Six years ago, I immigrated to Canada to work as a live-in caregiver. I grew up in Japan, and I don’t have any family or friends in Canada. Since I was a caregiver, I didn’t even have a colleague.

I wanted to extend my world in Canada. I wanted to explore new places, meet new people and have new experiences. For this, I was looking for a volunteer position. I found the perfect opportunity at Ronald McDonald House Charities (RMHC) Toronto.

I love children, and I’ve been working with them for years, so it was natural that I wanted to volunteer somewhere where I can play with children. Before I came to Canada, I mostly worked with youth who were abused or in the care of an aid organization. It was a new experience for me to work with children who are dealing with medical struggles.

My first position at RMHC Toronto was volunteering with the Child Life program. Run by Child Life Specialists, the program helps families cope with the stress of illness and treatment.

I quickly fell in love with the program for how it listens to and respects the needs of each child. Even though Child Life Specialists plan activities for the day, if children are interested in doing different activities, they let them do it.

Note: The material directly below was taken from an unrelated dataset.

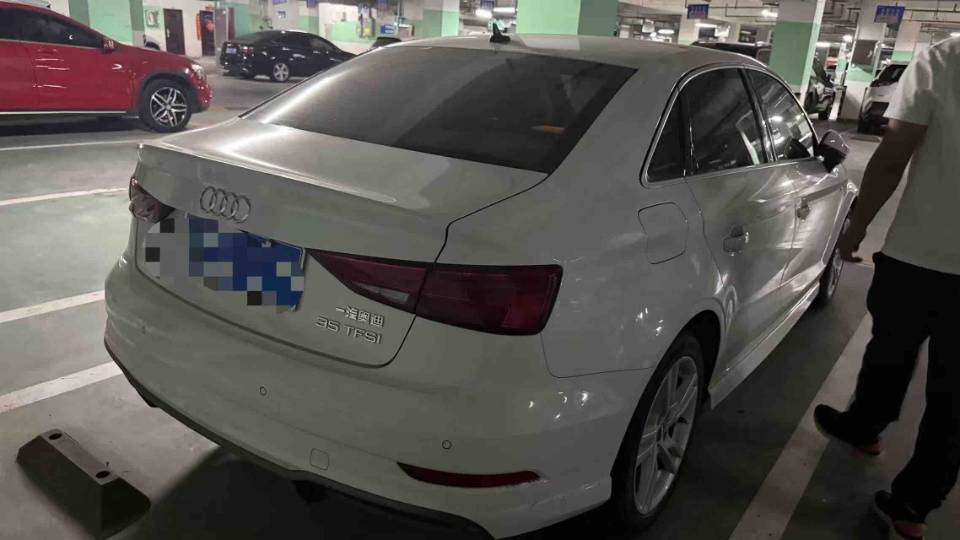 Audi A3 2020 #8 Audi A3 2020 immagine di auto #8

I know the planning is not easy, the preparation may take time and the materials for the activity may go unused, but they don’t force kids to do the activity. Kids are the ones who lead the day. It’s a very child-centred approach and I love it.

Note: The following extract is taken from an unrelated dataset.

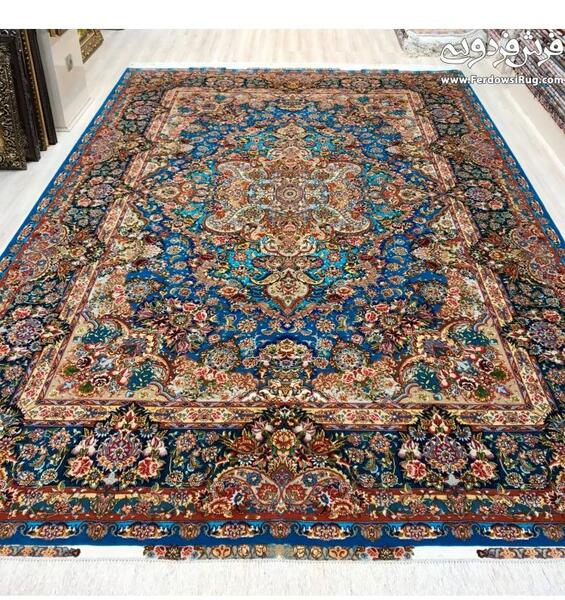 عکس فرش سالاری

In Child Life, I love that I can truly connect with the children. I believe that I can’t understand children if I watch them from the top down; I want to see them from the same level. I try to see their world from their eyes to understand them. I’m not a teacher, I’m not an instructor. I’m a learner who is always being taught by children. RMHC Toronto gives me these wonderful learning opportunities. This is why I love volunteering here.

I remember a girl who came into the play room, sat down next to me and said, “My brother died.” Her brother often came to Child Life, and we played games and made art together. I had just seen him the previous week with an IV and he made a chart to count down the days until he could take it off.

When his sister told me he’d passed away, I started to become emotional. But then I realized the girl in front of me was strong and calm. She was the one who would want to cry, to shout, to scream, but she wasn’t. I was very impressed by her strength. I knew it was a tremendously tough time for her and she had to digest all these difficult events in her tiny young body and mind, but she was doing it.

I learn so much in moments like these. I learn things at RMHC Toronto that I could never learn at school.

As my life in Canada progresses, I’ve made many friends and been involved in many activities. I now work full-time at a day program for people with disabilities, but still I continue volunteering at RMHC Toronto.

I came to the House to have new experiences and meet new people, but it’s become much more than that for me now. These six years in Canada have not been easy. Living in a foreign country by myself is tough. But whenever I see families smiling at RMHC Toronto, I realize that what we’re doing is important. I see kids playing with tubes on their bodies. They smile, they giggle, they grin and they laugh. Should I cry when I don’t have any tubes on me? No.

I don’t think I could’ve survived the past six years without their smiles.  

RMHC Toronto has a great impact on families, and those families have a great impact on me. Sometimes families will return to the House and say, “You’re still here?!” They may not remember my name, but they remember I was here, and that’s enough to make me happy.